Alessandra Buccheri

Accademia di Belle Arti di Palermo (Italy)

The oblivion of a Renaissance monument: Antonello Gagini’s tribune in the Cathedral of Palermo

2021-2022: Fall

Weinberg Fellow in Architectural History and Preservation

Alessandra Buccheri is professor of History of Art at the Accademia di Belle Arti di Palermo. In 2009, she completed her PhD at the University of Oxford, where she received various awards (Arts & Humanities Research Council Postgraduate Award, Scatcherd European Scholarship, Isaiah Berlin Fund). She has been a fellow at the Fondazione Roberto Longhi in Florence (2002-2003), and has worked as scientific collaborator at both the Museo Galileo in Florence (2004) and at the CRIBECU (Scuola Normale Superiore di Pisa, 2003-2004). She is a partner in the research project Apropiaciones e Hibridaciones entre las Artes Plásticas y las Artes Escénicas en la Edad Moderna (2016-2020), Universidad de Málaga, founded by the Ministerio de Economía y Competitividad (Spain).
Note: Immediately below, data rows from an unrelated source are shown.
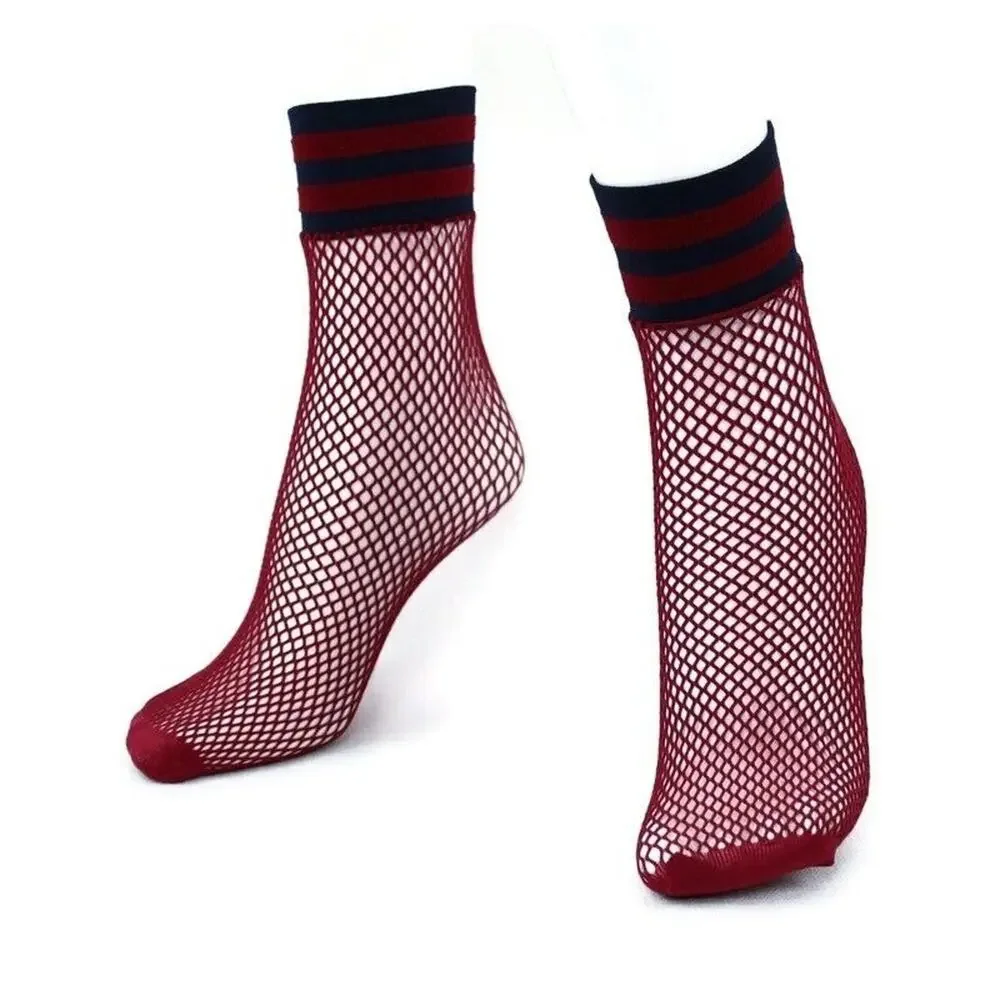 NEW Lot 2 Free People‎ Riot Sport & Sugar Sugar Fishnet Ankle Socks Anklet OS
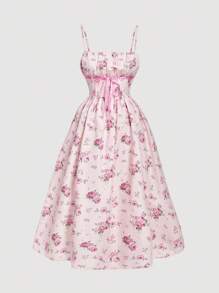 SHEIN MOD 加大码花卉印花褶饰胸围蝴蝶结装饰无袖夏装 - 彩色 - 查看 1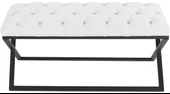 Varcera Siyah Çapraz Metal Ayaklı Bench Puf thumbnail 9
Her main area of research is visual culture in early modern Italy, with a special focus on theater, architecture and decoration (including sculptures and paintings in their original architectural context). She is also interested in gender studies and women in the visual arts. Her published volumes include Quando l’ornamento non è delitto. Un percorso attraverso la cultura visiva siciliana dal tardo-gotico al Novecento? (2020), co-edited with Giulia Ingarao, and Archetipi del femminile. Rappresentazioni di genere, identità e ruoli sociali nell’arte dalle origini a oggi (2017), co-edited with Giulia Ingarao and Emilia Valenza. Her most recent monograph, The Spectacle of Clouds, 1439-1650. Italian Art and Theatre (2014), explores the origin and meaning of cloud compositions by looking at the complex relationship between their three-dimensional construction and display in religious and court theater, and their pictorial representations both in churches and secular buildings.

The research she will pursue at the Italian Academy focuses on the history and reception of an Italian Renaissance monument, the Tribuna, erected between 1510 and 1574 in the presbytery of Palermo’s Cathedral (Sicily), dismantled and partly destroyed between 1788 and 1801. The Tribuna, which was 24.5 metres high, entirely made of Carrara marble, and enriched with 42 life-size statues, has largely been overlooked by scholars, institutions, and public alike. The main aim of this project is to refocus attention on the Tribuna and bring it back to both public and scholarly attention.